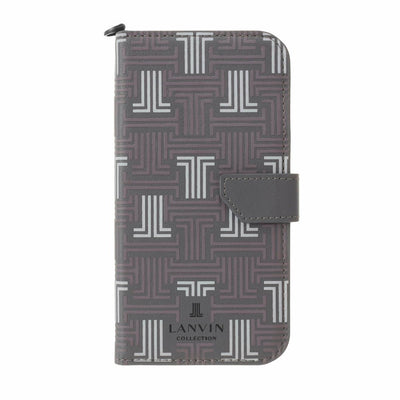 FOLIO CASE SIGNATURE WITH NECK STRAP 手帳型ケース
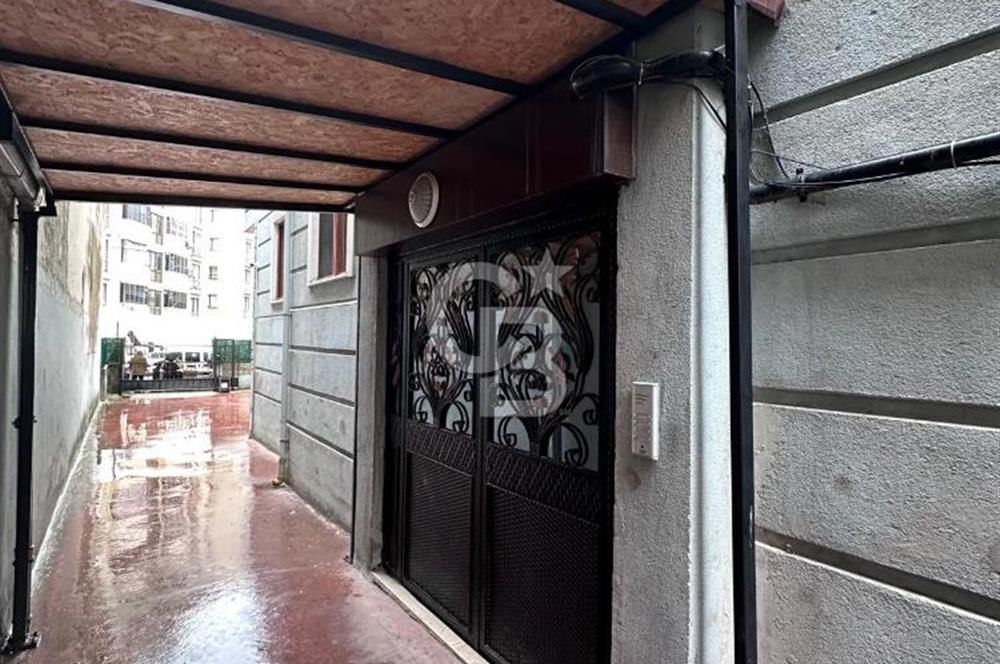 CB FLY'DAN ŞİFADA SERTAN GIDA YAKINI, GENÇ BİNADA FERAH 3+1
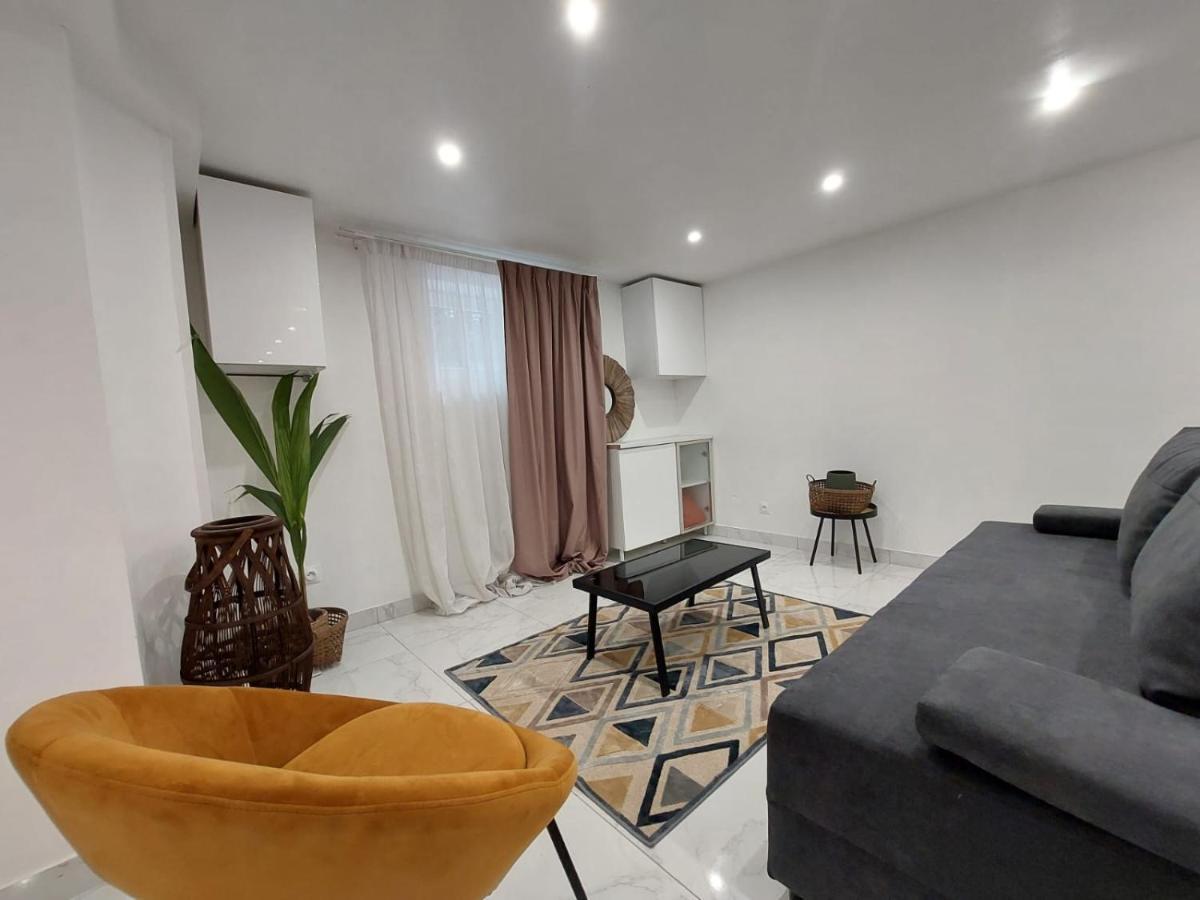 Happy Land Holliday Residential Ξενοδοχείο Épinay-sur-Seine Εξωτερικό φωτογραφία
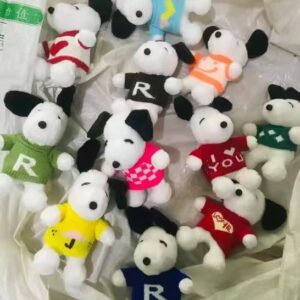 Peluche Snoopy con remera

──────

» **What to do**
Nothing but the lines from the line containing "CB FLY'DAN ŞİFADA" through the end of the data, both ends included, is to be reproduced, exactly as written and without the pictures.

» **Response box**
 CB FLY'DAN ŞİFADA SERTAN GIDA YAKINI, GENÇ BİNADA FERAH 3+1
 Happy Land Holliday Residential Ξενοδοχείο Épinay-sur-Seine Εξωτερικό φωτογραφία
 Peluche Snoopy con remera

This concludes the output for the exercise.